What is the future of Distributed Ledger Technology (DLT)? This may be the Billion dollar question experts and tech enthusiasts are still trying to answer.
Blockchain has been around for a while now and no other DTL seemed to be good enough to fully replace the system that became famous with the Bitcoin.
Ethereum’s network is the one that came the closest to taking over the digital world. Even with improvements, its blockchain still faces the problem of scalability, although no one managed to grow a network larger than the Ethereum one.
However, in the past few years, some cryptocurrencies have been exploring other types of systems and building brand new non-blockchain solutions. Among them, there’s two that seems very promising: DAG and Hashgraph.
Dag vs Blockchain vs Hashgraph
The non-blockchain systems emerged as a way to solve two big problems of a blockchain network:
In short, blockchain systems can validate a transaction using two forms of consensus – Proof of Work (PoW) or Proof of Stake (PoS). Although both are efficient and trustworthy, the first one requires a big amount of energy to be carried out.
The second one was built to be less energy consuming and make the consensus fairer among the miners. PoS also helps leverage the transition speed, but can’t solve the scalability issue.
In a blockchain network, only one block can be created at a time and the scalability is tied to the number of blocks that can be added per second in the chain and the number of transactions a given block can contain.
With the ‘blockless’ network, in theory, these problems are solved.

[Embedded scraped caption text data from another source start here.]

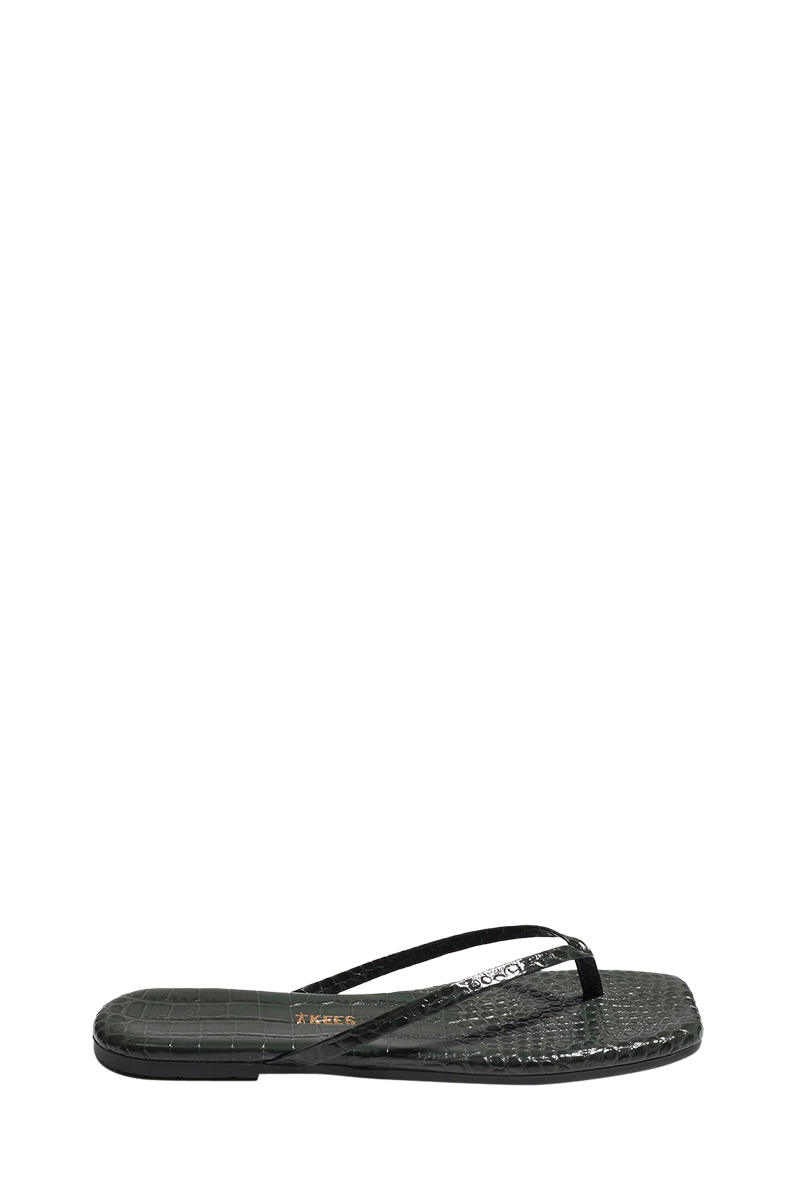 TKEES Chaussures CROC EMERALD Square Toe Lily – Image 2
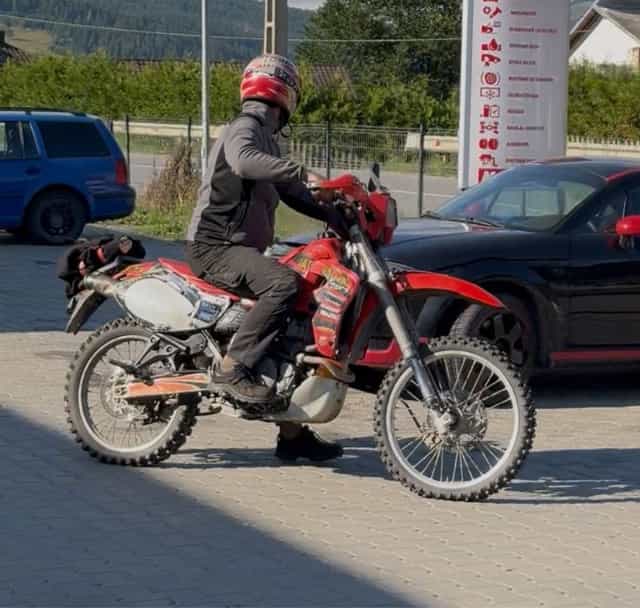 Honda XR 650 R Paris Dakar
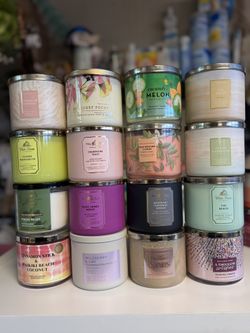 Bath and Body Works Candles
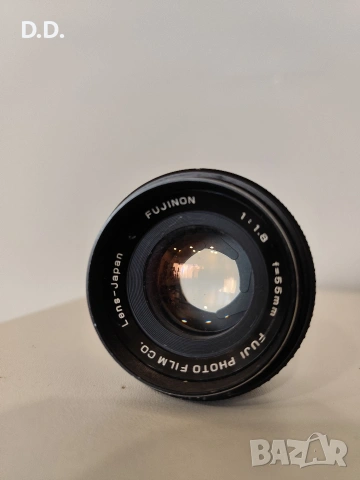 Обектив Fujinon F1.8 55mm (резба M42) за профилактика, снимка 5 - Обективи и филтри - 53883169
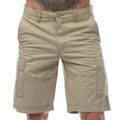 Olive - Front - Jack And Jones Mens Zeus Cargo Shorts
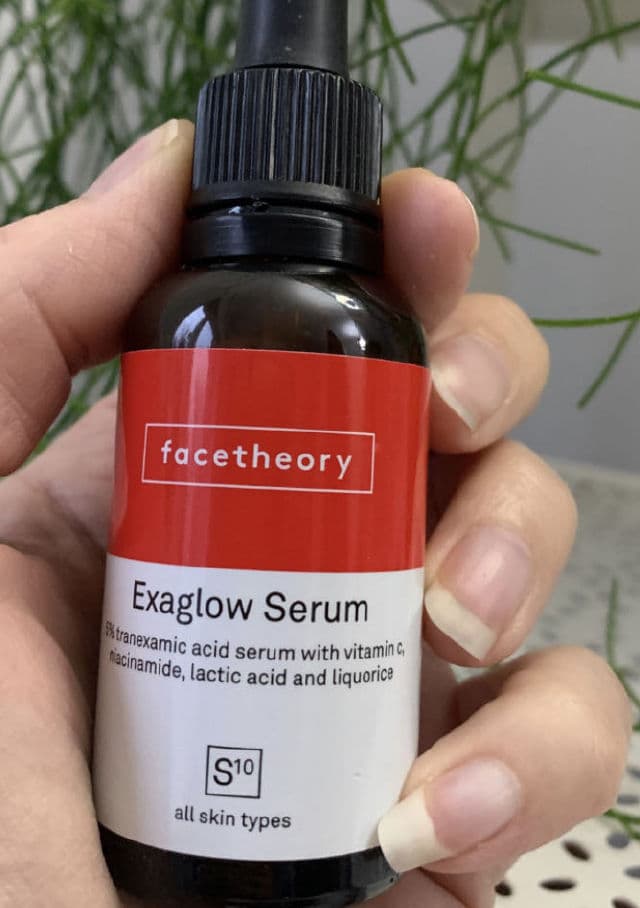 facetheory Exaglow Serum S10 review photo by mirandasong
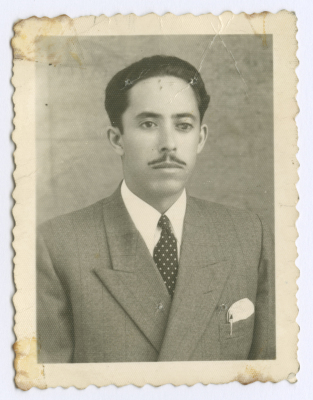 بورتريه لرجل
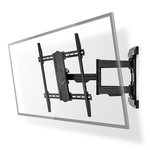 Full-Motion TV Muurbeugel | 43 - 90" | Max. 70 kg | 6 scharnierpunten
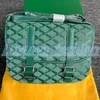 7A kalite Luxurys Tasarımcılar çanta tote zarf messenger erkek yeşil El Boyalı vintage Deri Kadın CrossBody Kartlıklı Cüzdan debriyaj el çantası Omuz çantaları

Developed in 2016, Hashgraph got famous for its Gossip Protocol. Just as the name suggests, the consensus is made through some gossip, once a computer (the nodes in a blockchain network) executes a transaction, it informs two other computers randomly and they will also transfer the message to two more computers
Due to the lack of blocks, the transactions happen faster and cheaper, because there are no miners and no need to link large blocks on after another.

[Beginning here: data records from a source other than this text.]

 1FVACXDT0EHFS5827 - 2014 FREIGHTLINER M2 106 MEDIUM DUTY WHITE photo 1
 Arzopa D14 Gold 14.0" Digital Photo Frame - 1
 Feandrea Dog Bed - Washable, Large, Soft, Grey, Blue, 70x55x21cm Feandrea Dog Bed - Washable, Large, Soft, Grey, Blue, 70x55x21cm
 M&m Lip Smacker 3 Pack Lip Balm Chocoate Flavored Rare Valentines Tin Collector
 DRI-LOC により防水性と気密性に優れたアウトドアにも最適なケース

In the DAG-based network, miners are also extinct and the users become the validators. To be able to perform one transaction, the users have to validate two old transactions.
Dag stands for Directed Acyclic Graph, a mathematical and computer science term that refers to an acyclic graphic. To make it simple, all the links made between nodes go in just one direction.

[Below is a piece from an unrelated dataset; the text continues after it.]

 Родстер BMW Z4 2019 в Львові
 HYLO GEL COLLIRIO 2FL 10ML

In the blockchain, a block always refers to all the blocks created before and the one that comes after itself, creating a cycle. But in the DAG, a node can only contain information about two older transactions and can never refer to itself in any path.
This also helps to make transactions faster, since there’s no need to wait for a block to be completed and validated.
Although both systems seem like a great opportunity to solve the blockchain scalability issue, none of them managed to beat the size of the Ethereum blockchain network.
So, as we can see, replacing the blockchain network has been proven to be a tough task, and we still don’t have a viable and tangible alternative for the Distributed Ledger Technology.